Segment Open

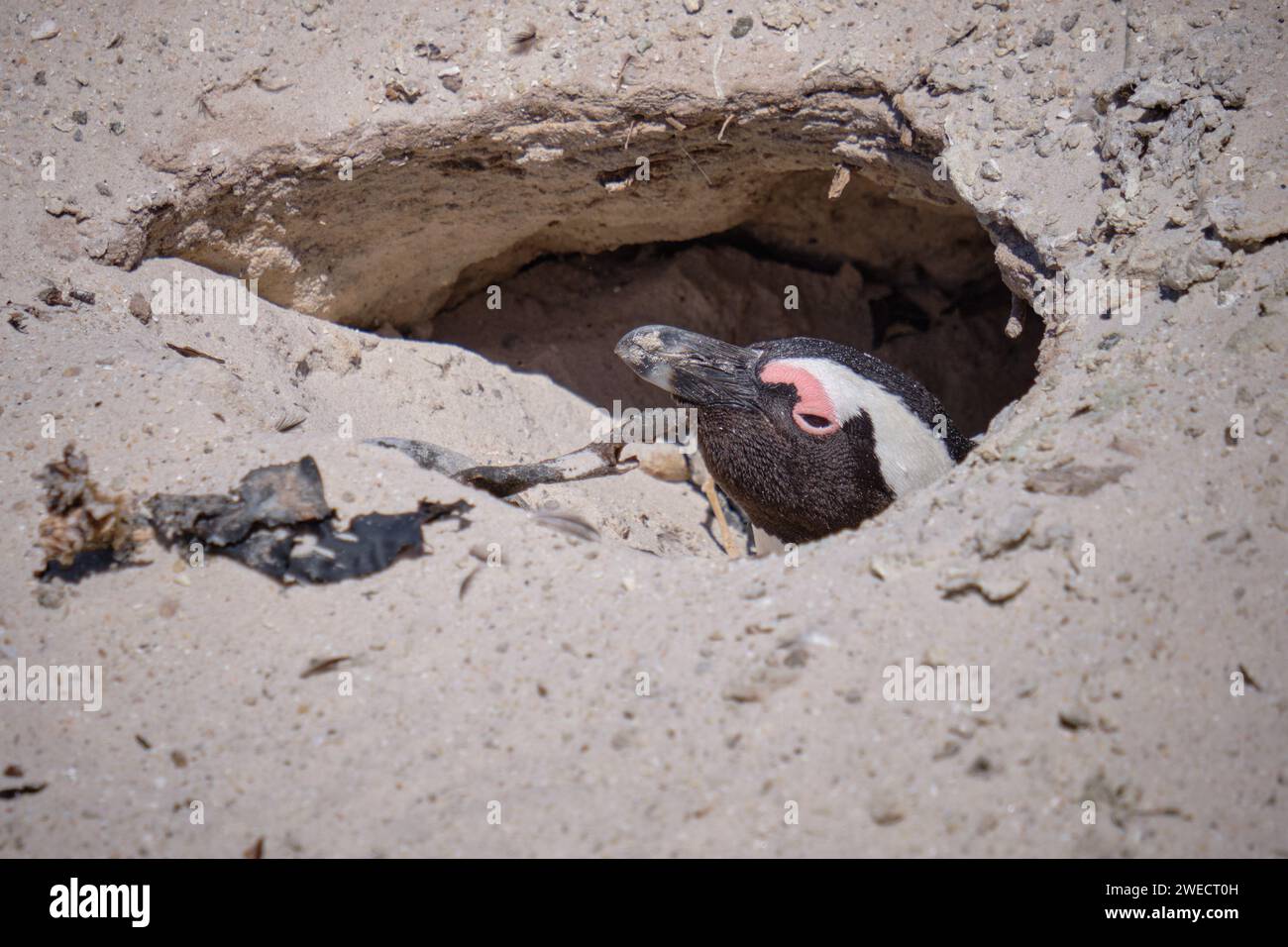 Kopf eines afrikanischen Pinguins, der aus Sandgruben am Strand von Südafrika blickt Stockfoto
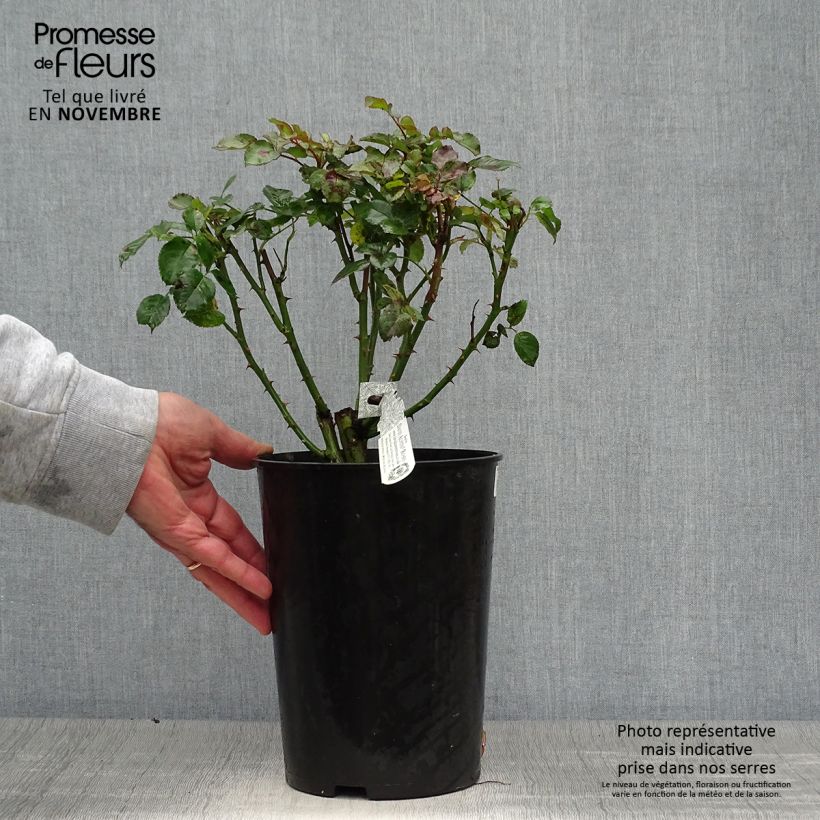 Exemplaar van Rosa Tranquillity - David Austinroos Pot van 4 l/5 l zoals geleverd in de herfst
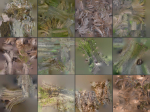 12 Tree collection Vol 2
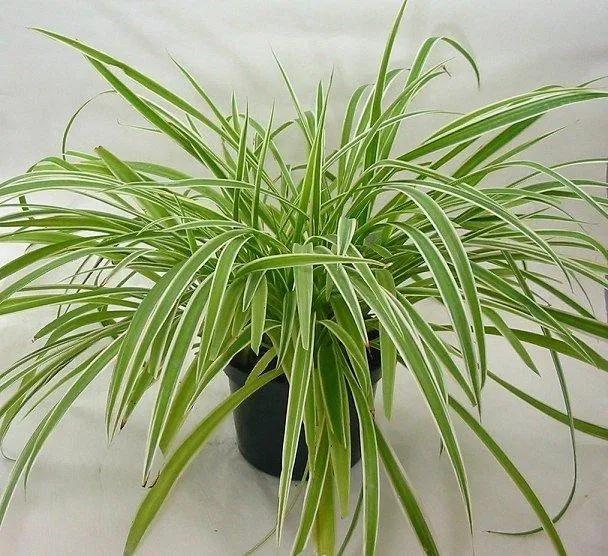 Cây nhền nhện tránh ô nhiễm không khí (Ảnh: Internet)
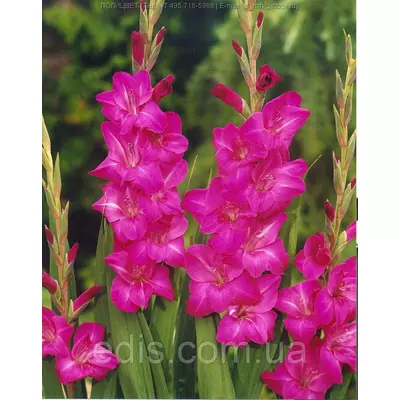 Гладіолус Violet Moon 10/12 3 цибулини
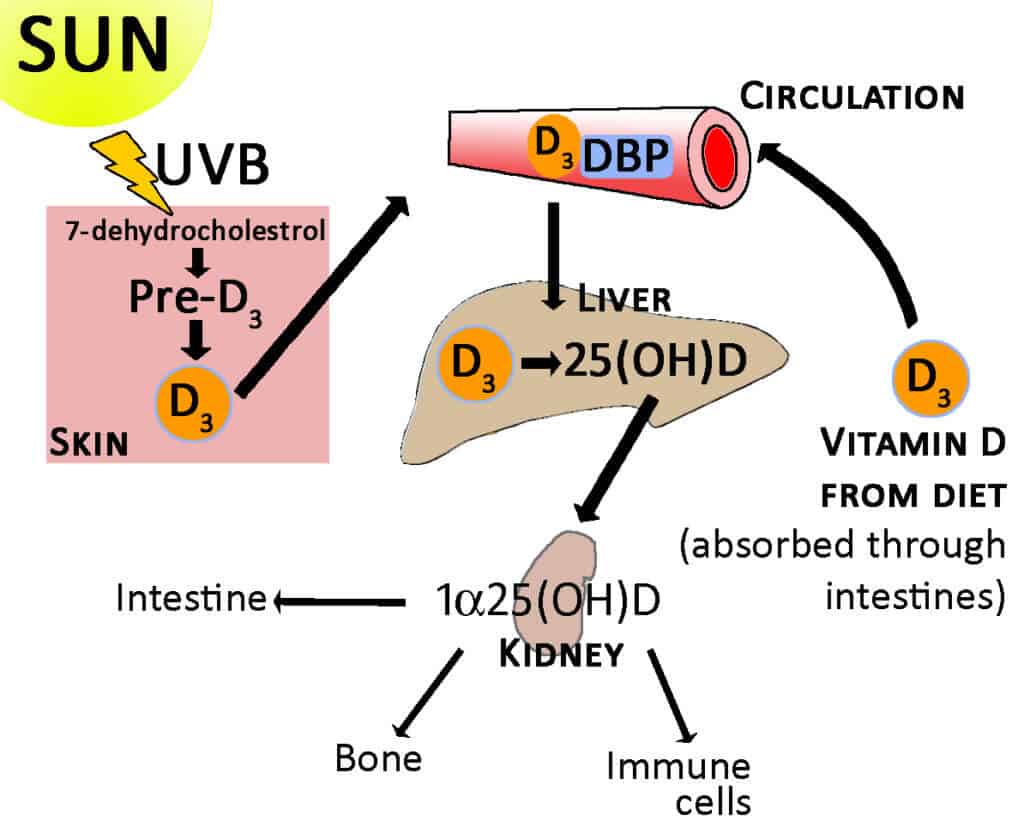 Things You Need To Know About Vitamin D Supplements Things You Need To Know About Vitamin D Supplements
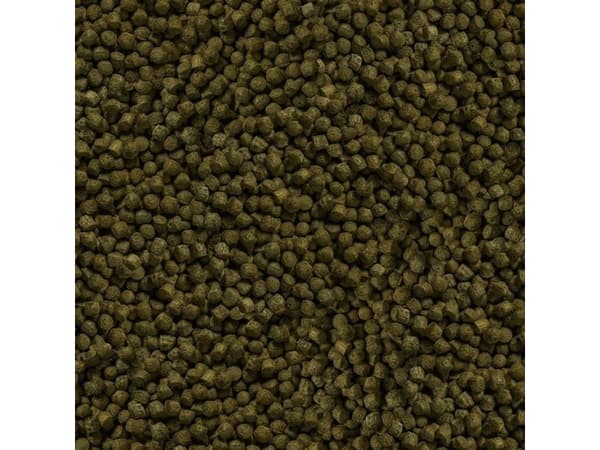 Sera Koi Color Large 3.800 ml, rakeet - pokarm postawowy dla Koi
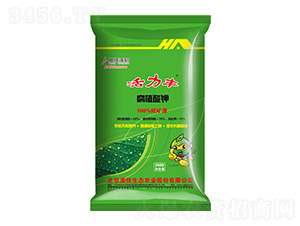 �����S��ֲ���-�ļ����B(t��i)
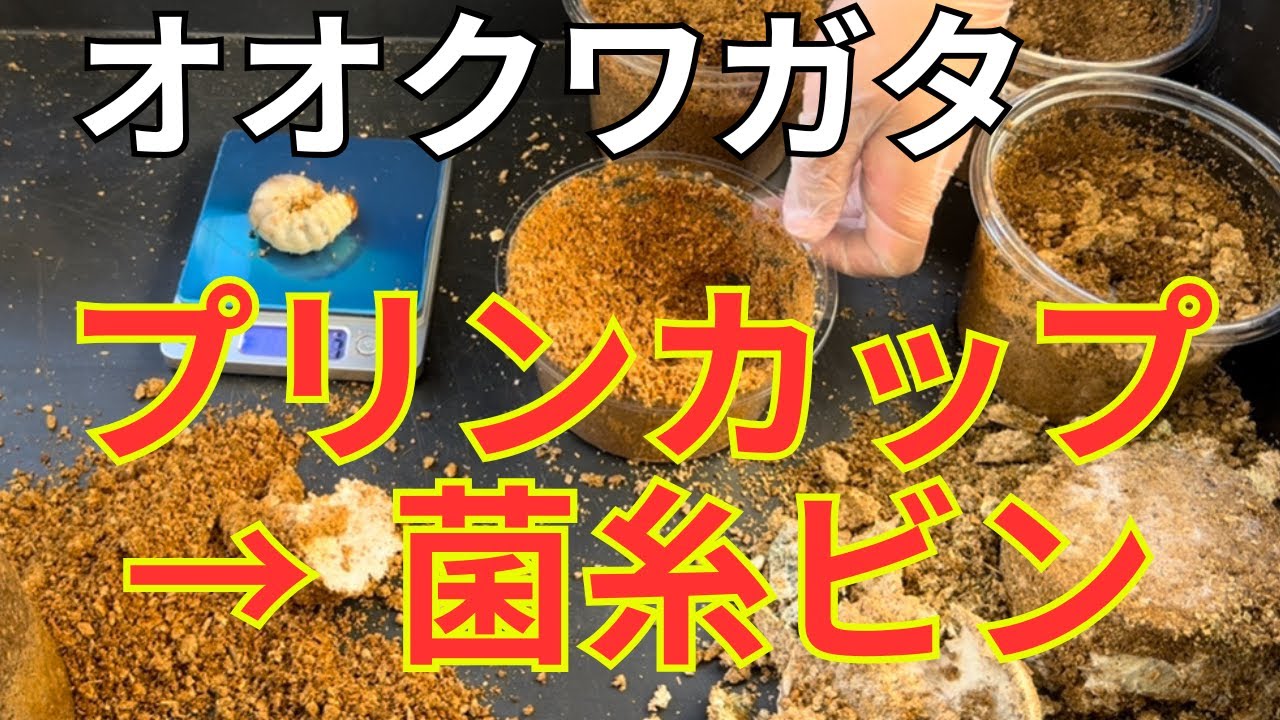 【作業動画】オオクワガタの幼虫を菌糸ビンに移す！オス・メス判別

Segment Closed

_EXERCISE OBJECTIVE_. Restate word for word only the lines from the one with "Cây nhền nhện" through the last line of the material, both included. Any picture should be left out.

_REPLY_.
 Cây nhền nhện tránh ô nhiễm không khí (Ảnh: Internet)
 Гладіолус Violet Moon 10/12 3 цибулини
 Things You Need To Know About Vitamin D Supplements Things You Need To Know About Vitamin D Supplements
 Sera Koi Color Large 3.800 ml, rakeet - pokarm postawowy dla Koi
 �����S��ֲ���-�ļ����B(t��i)
 【作業動画】オオクワガタの幼虫を菌糸ビンに移す！オス・メス判別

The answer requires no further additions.